Loin de la confondre, cette nouvelle réalité la fit rire de manière espiègle tout en fixant la « réaction » invisible à ses regards. Elle lui plaisait donc !

- Est-ce…douloureux ? ne put-elle s’empêcher de questionner.

- N…non, c’est…enfin oui, c’est…ce n’est pas le mot. Et…et puis là n’est pas le problème, il faut que tu t’en ailles, c’est tout.

- Pourquoi ?

Il leva les yeux au ciel, la respiration difficile

- « Pourquoi, pourquoi », encore ! Petite écervelée, parce que j’ai furieusement envie de te faire l’amour, voilà pourquoi.

- Et c’est grave… ?

- Mais…évidemment que c’est grave ! Où as-tu la tête ! Ton père, ta carrière, ta noblesse, tes…

 

Elle se dressa à son tour, impérieuse; à genoux devant André elle le toisa

 

- Et que t’importe mon père, sourit-elle. Ce n’est pas à lui que tu vas faire du bien…

- Oscar !

- André, ferme-la, c’est un ordre.

- Tu n’es qu’une fo…

 

Il ne put finir, mâchoire décrochée, quand elle fit passer d’un coup sec la camisole par-dessus tête. Sa poitrine ne devait pas être si horrifique, après tout. Elle perçut presque l’accès de fièvre qui prenait possession de son compagnon, à ne rien regarder d’autre. Profitant de l’effet de surprise – et pour cause -  elle le bascula sans sommation sur le dos et reprit ce qu’elle jugeait être son dû : sa bouche suave et caressante, qui ne put que répondre à son impérieux baiser.

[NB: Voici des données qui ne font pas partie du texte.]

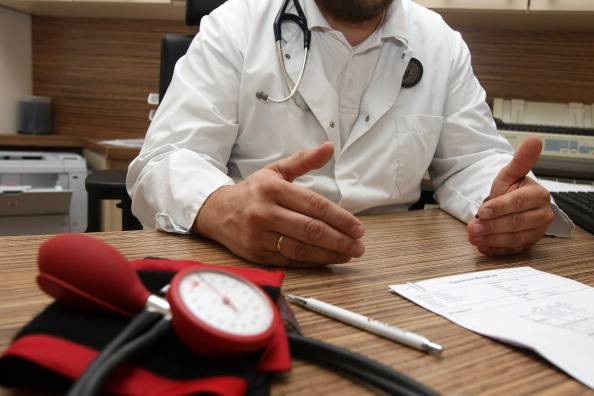 High Blood Pressure Especially In Middle Age Ups Risk Of Dementia, Experts Warn
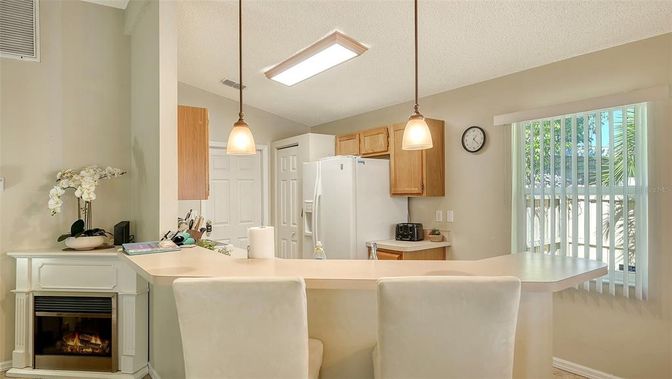 Fireplace, Interior, Kitchen, Pendant Lights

Quelques secondes plus tard, elle acquiesçait en se redressant, admirative.

 

- C’est en effet…plutôt impressionnant.

 

Il mit du temps à comprendre. Par son sourire et sa position assise, en travers de son bassin, son érection ne pouvait effectivement plus lui apparaître comme une notion…abstraite.

Malgré la situation particulièrement excitante, il la menaça tout de même de son index. D’une voix, très, très voilée tout de même.

 

- Capitaine de Jarjayes, si tu ne t’en vas pas immédiatement de là…

- Que vas-tu faire ?

- …je n’en sais fichtre rien, mais je vais trouver.

- Moi je sais. Je vais venir tout contre toi…

- Pour dormir ? persifla t-il.

 

Elle se coula à ses côtés mieux qu’un serpent, et plongea ses yeux dans la verdure délicieusement troublée.

 

- Non, je n’ai guère envie de dormir pour tout t’avouer…murmura t-elle en lui caressant brièvement la joue.

Sa paume descendit.

- Tu n’es qu’une menteuse, sourit-il à son tour. Etre sage, je te jure…

- Comme si tu y avais crû un instant.

- Absolument. Je suis une âme pure.

- Ah ? souffla t-elle en repoussant doucement le duvet chaud. Explique-moi donc ce théorème, mon cher. Je n’ai pas précisément perçu la pureté de cristal dans tes yeux, sur ma poitrine.

- C’est parce que tu n’es guère habituée à ma nature angélique.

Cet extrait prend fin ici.